How to Transcribe & Translate Audio with Whisper

Published Mar. 9, 2023 — Edited Feb. 13, 2024

After following this guide, you will be able to use OpenAI's Whisper to transcribe audio, translate the transcription into English, and to generate subtitles from the transcription.

My interest in this technology is to generate subtitles for lesser-known media, and to generate English subtitles for media that has previously only been available in its original language.

This guide assumes that you are using Linux, specifically Ubuntu in my case, and that you have enough knowledge to follow along with any linked pages and examples.

Requirements

Git
Git Large File Storage
Python 3.10.x
- You may need to run sudo apt install libffi-dev before installing Python, so that the _ctypes module is available for use.
- You will need to run pip install numpy torch transformers after installing Python. This will install all libraries required to run the convert-h5-to-ggml.py script.
FFMPEG

Whisper Installation


# Create and enter a new directory.
mkdir subtitle_generation
cd subtitle_generation

# Clone all required Git repositories.
git clone https://github.com/ggerganov/whisper.cpp.git
git clone https://github.com/openai/whisper.git
git clone https://huggingface.co/openai/whisper-large-v3.git

# Compile whisper.cpp. You may need to install "make" and
# other tools first.
cd whisper.cpp
make
cd ../

# Convert the whisper-large-v3 model from ".h5" to ".ggml".
python3 ./whisper.cpp/models/convert-h5-to-ggml.py ./whisper-large-v3 ./whisper .

Audio Preparation

Whisper will only accept a 16kHz .wav file, so you may need to extract and/or convert your audio with FFMPEG. The following commands are examples of how to do this.
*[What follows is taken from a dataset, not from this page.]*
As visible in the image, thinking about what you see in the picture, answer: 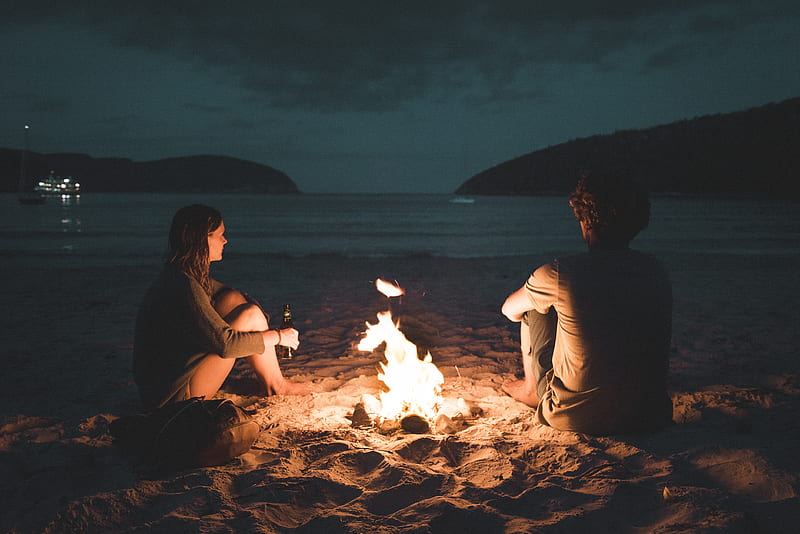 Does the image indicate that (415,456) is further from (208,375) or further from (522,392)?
(208,375)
You will likely need to spend time learning more about FFMPEG if your situation is more complicated than extracting a single audio track from a video or converting an audio file.


# This will extract the first audio track of a video file, convert the
# audio to 16kHz, and save it as a ".wav" audio file.
ffmpeg -i "input_file.mp4" -c:a pcm_s16le -ar 16000 "output_file.wav"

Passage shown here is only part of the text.